If your mate wants to try his hand at publishing, the cheapest way is to publish an e-book and sell it on Amazon. The next step is to try and get people to review it on Amazon and see if he can arrange local radio and newspaper interviews. If the book's any good, then social media is a really good way of speeding up the word of mouth process.
If your mate thinks he has a good idea for a book, then he should always try and get an literary agent interested in it - if they like the book, they'll approach a proper publisher. Self-publishing is a last resort, when no-one else is interested.

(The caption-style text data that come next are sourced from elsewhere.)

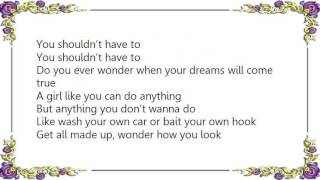 Brad Paisley - You Shouldn&#39;t Have To Lyrics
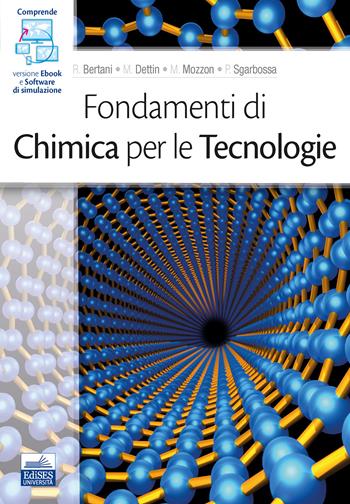 Fondamenti di chimica per le tecnologie - Roberta Bertani, M. Dettin, Mirto Mozzon - Libro Edises 2020 | Libraccio.it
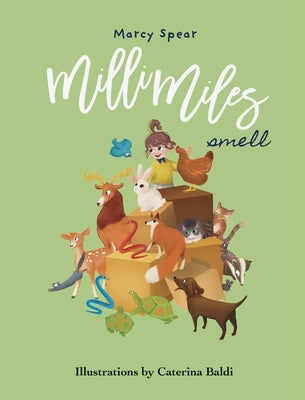 Milli Miles: Smell by Spear, Marcy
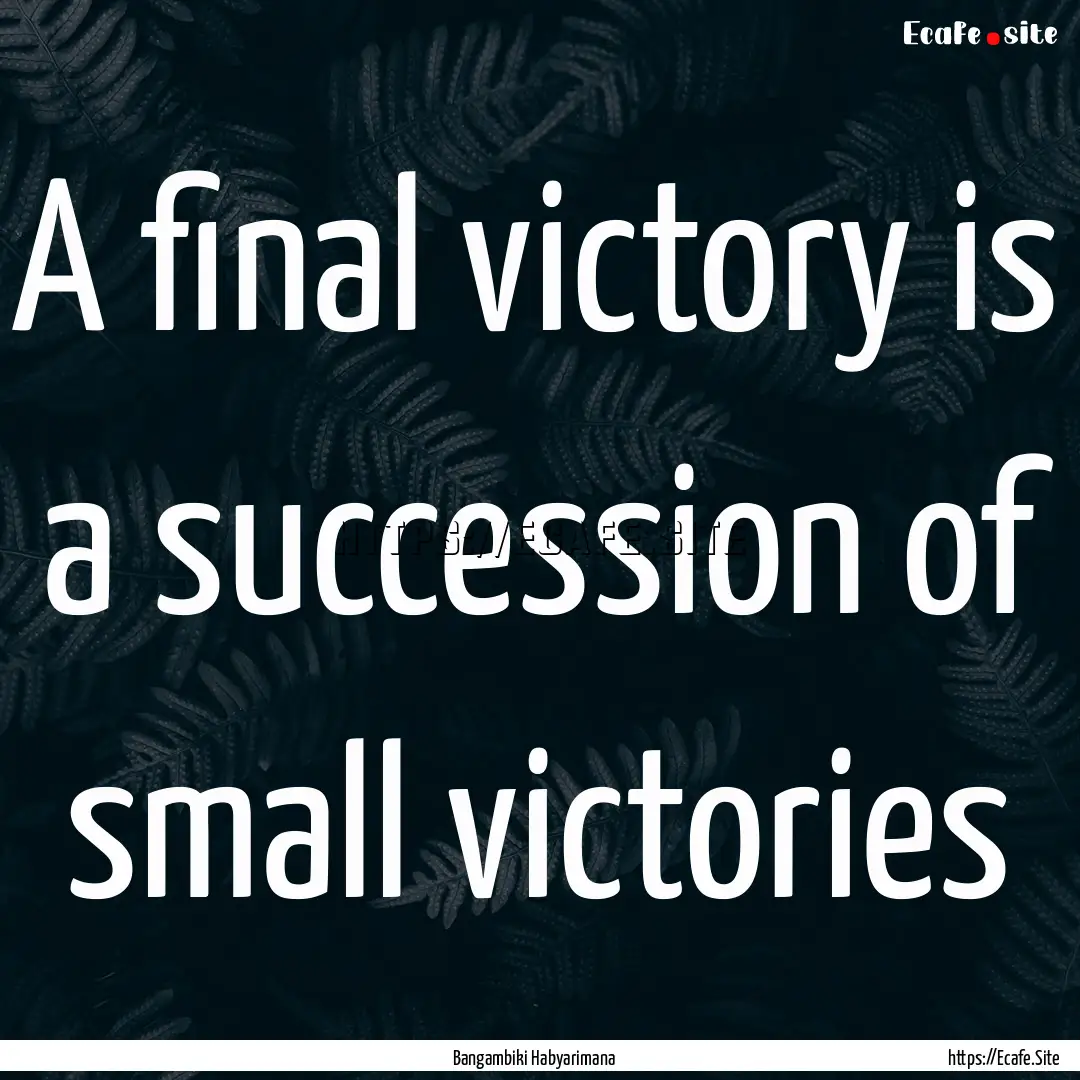 A final victory is a succession of small.... : Quote by Bangambiki Habyarimana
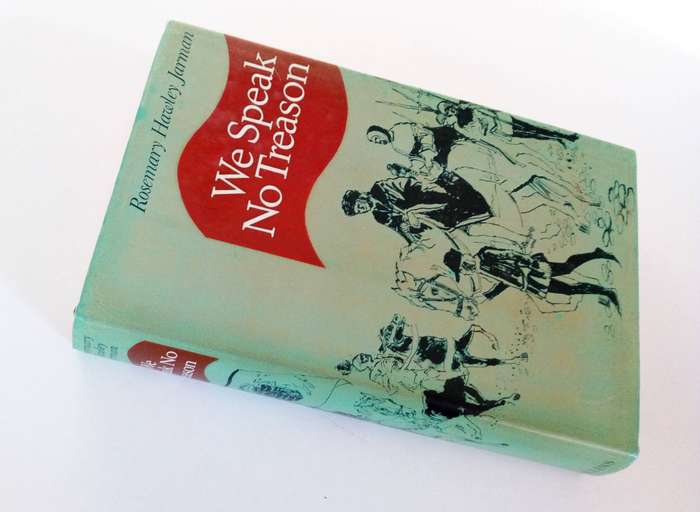 We Speak No Treason, by Rosemary Hawley Jarman. Published by Collins, 1971.
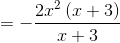 =-\frac{2x^2\left(x+3\right)}{x+3}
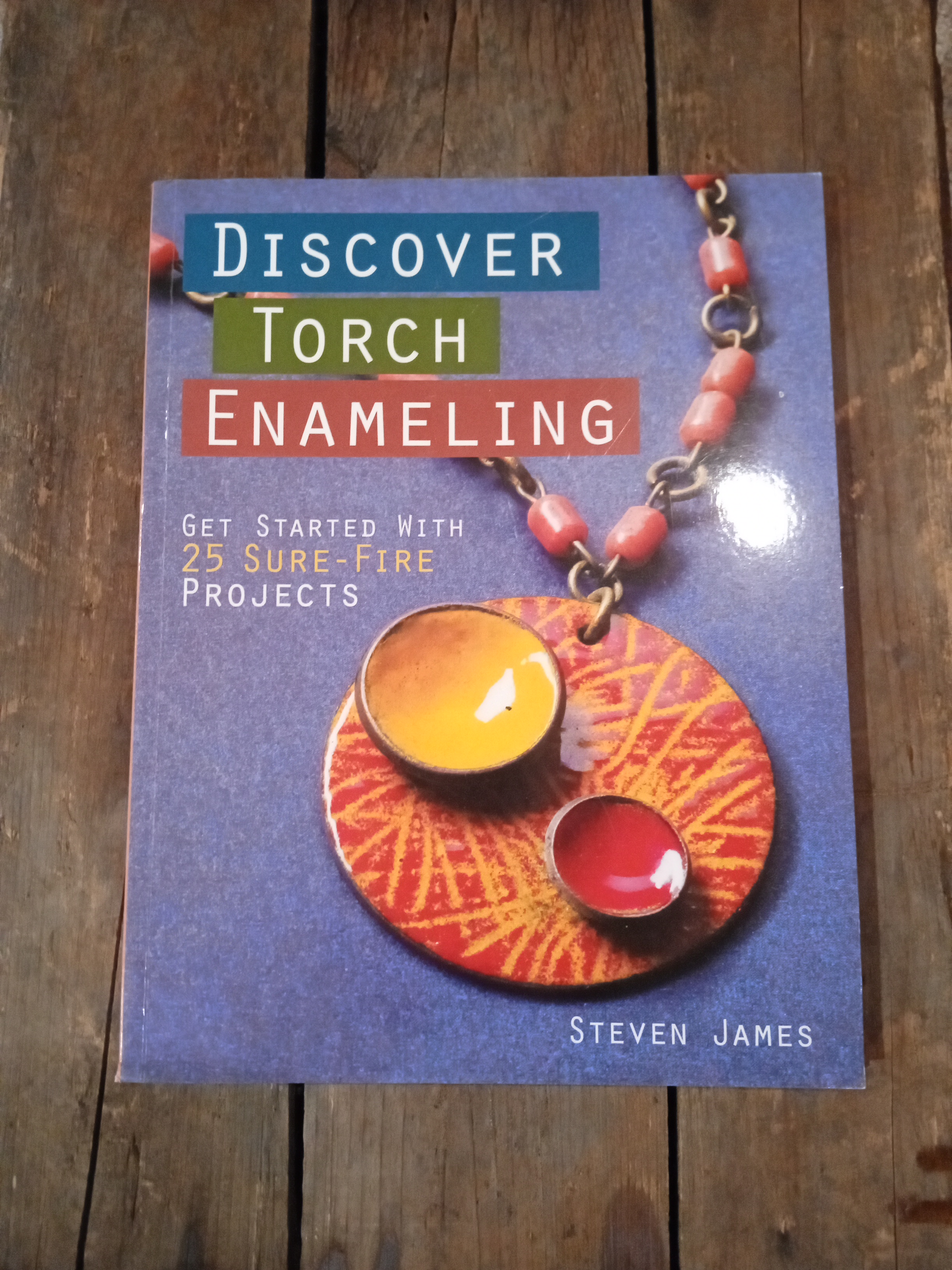Discover Torch Enameling: Get Started with 25 Sure-Fire Jewelry Projects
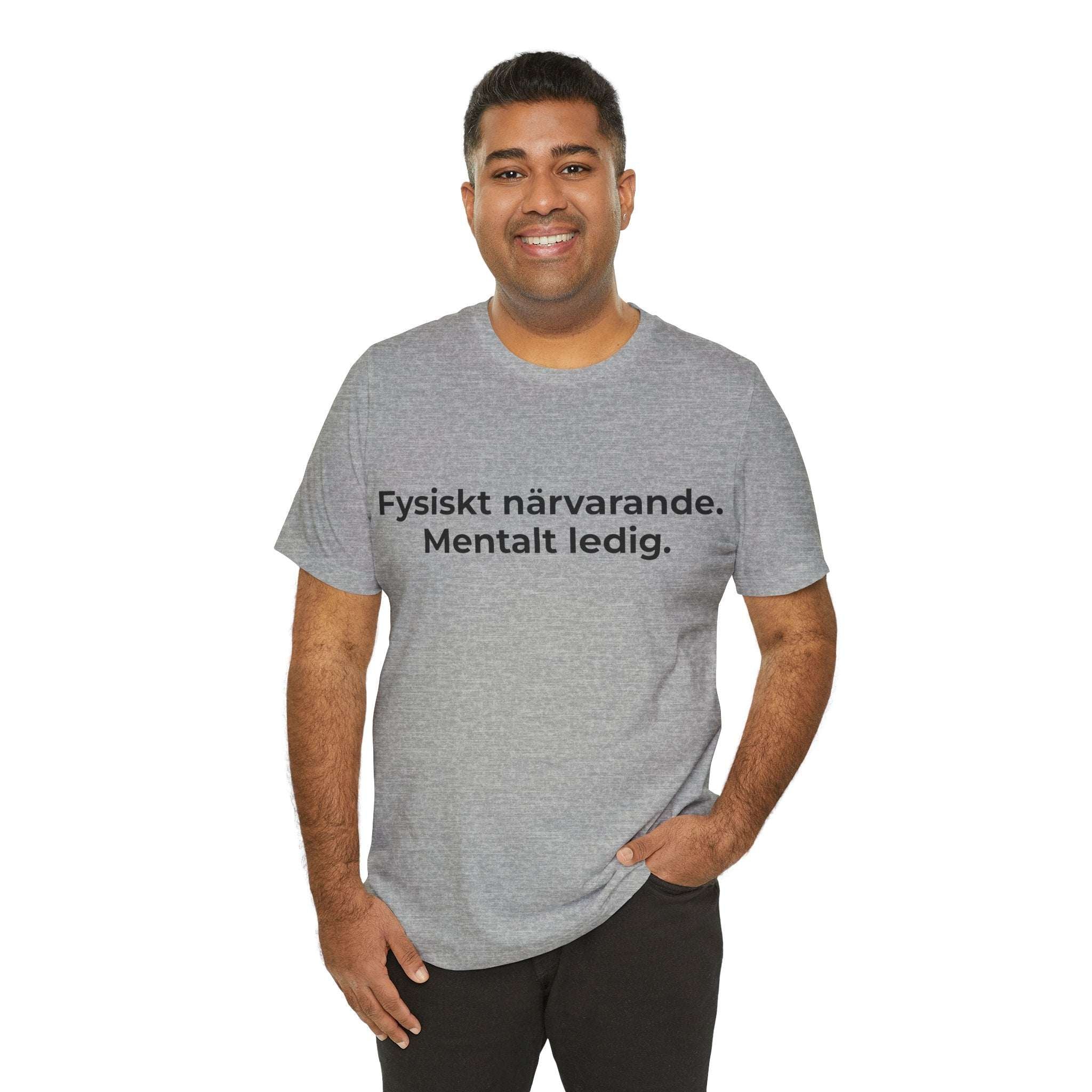 Fysiskt närvarande. Mentalt ledig – T-shirt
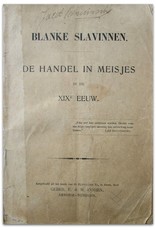 William Thomas Stead - Blanke Slavinnen: De handel in meisjes in de XIXe eeuw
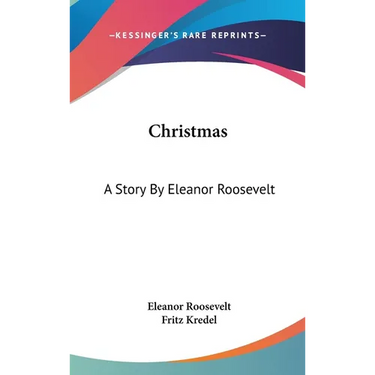 Christmas: A Story By Eleanor Roosevelt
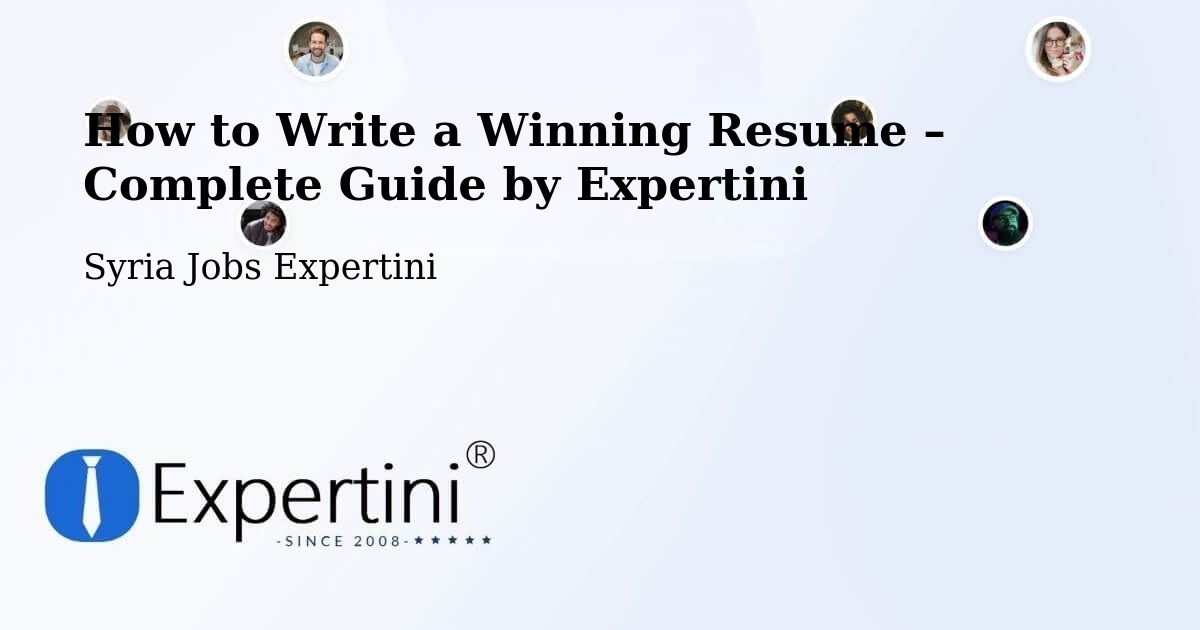 Resume Writing Guide for Job Seekers – Darkūsh - Darkūsh, Syria Jobs Expertini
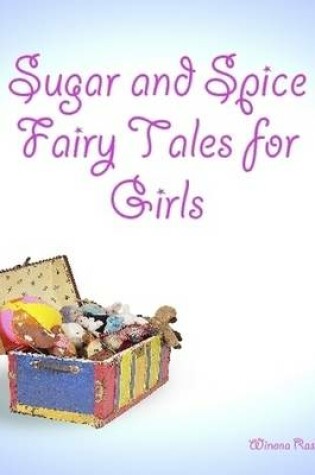 Cover of Sugar and Spice Fairy Tales for Girls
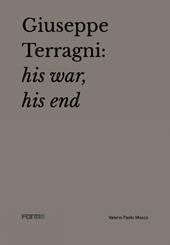 Giuseppe Terragni: la guerra, la fine. Ediz. inglese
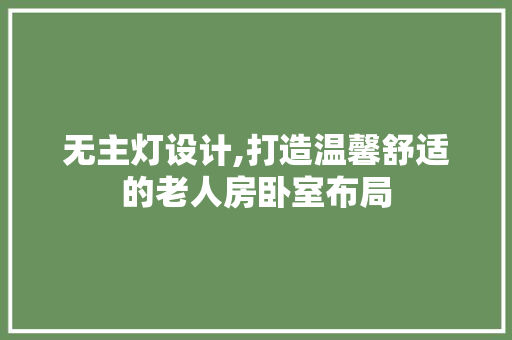 无主灯设计,打造温馨舒适的老人房卧室布局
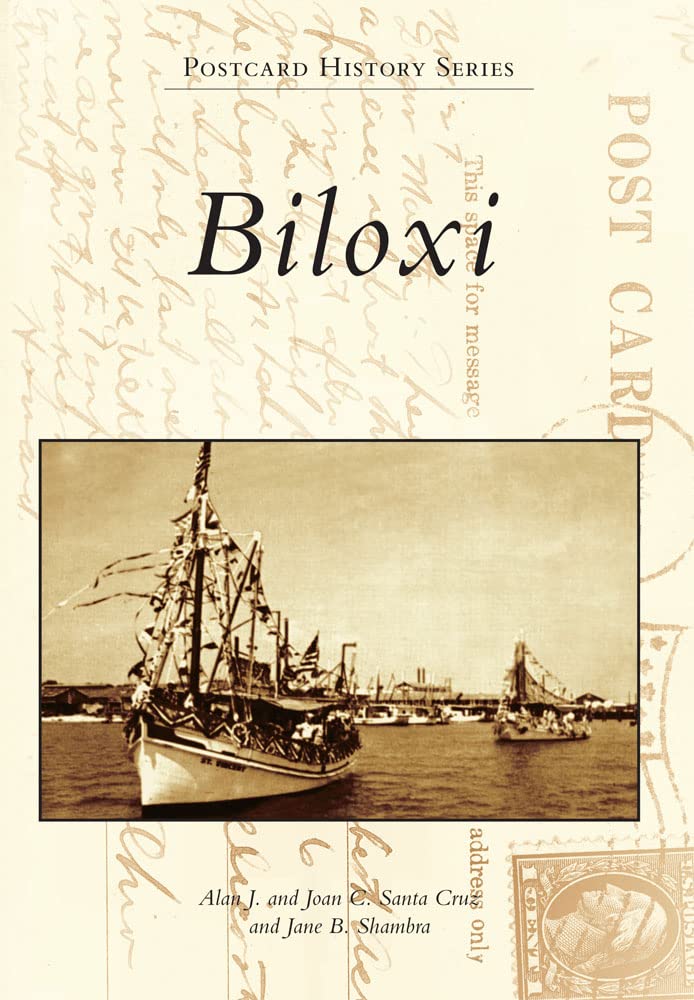 Biloxi (Postcard History Series) Cruz, Alan J. Santa, Cruz, Joan C Biloxi (Postcard History Series) Cruz, Alan J. Santa, Cruz, Joan C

I'd also advise paying a professional reader to look through the manuscript and give an honest opinion of the book's strengths and weaknesses. NEVER ask a friend to read through your book.
I hope this is helpful. I'm sorry to be so negative, but it's an honest, realistic assessement. In my last job, I dealt with books that people had thrown out and the skips were full of multiple copies of unsold, self-published books.
On 27 Aug 2015 at 12:43pm HeathClifford wrote:
I know a few people who have done it and it has made them very happy, but no money. It depends what he wants from it. If he wants it to be a bestseller and is doing it for the money, the odds are stacked against him. But if he loves writing, has a story to tell and wants the fun of seeing his words in print, why not?
On 27 Aug 2015 at 1:02pm Editor wrote:
And please suggest he/she gets it professionally copy-edited. I cannot tell you as a publisher how many self-published books are obviously unedited. It immediately cheapens the whole thing and does nothing to increase the reader's experience.
I wish him/her good luck with the venture!
On 27 Aug 2015 at 1:06pm Earl of Lewes wrote:
Good point. If you go into it with realistic expectations, that's the key. The problems arise when people's egos are bigger than their talent.
On 27 Aug 2015 at 3:03pm Woody wrote:
Easy and fairly cheap if you want copies for family and friends.
You may even sell a few if you are lucky.
On 28 Aug 2015 at 9:19am John Stockdale wrote:
@Jeff, as others have said, it depends what you want to get out of this. I've done a lulu.com edition of family letters just to ensure that they get on the record (copies in the British Library and the copyright libraries etc). 40 plus copies produced at £8.50 each for a well produced 400 page A5 book printed one copy at a time. If this is what you are after give me a call on 476151 and I can pass on a few tips.
On 28 Aug 2015 at 10:45am Jeff wrote:
Thanks everyone that's really helpful.
I'll pass it all along to my mate and he may give you a call John
On 29 Aug 2015 at 9:54am JillG wrote:
Have a look at my friend Steve's page about this (link below). He lives in Burgess Hill and works in Brighton, and he's a nice guy.
Check it out here »
On 29 Aug 2015 at 4:41pm Vain Bob wrote:
I believe its called Vanity Publishing and personally I don't think there's anything wrong with it..
On 29 Aug 2015 at 11:37pm Earl of Lewes wrote:
There's nothing wrong with it, as long as you don't expect your book to be given the same treatment as one from a publisher. If it's just for family and friends, the lulu.com idea sounds an excellent one.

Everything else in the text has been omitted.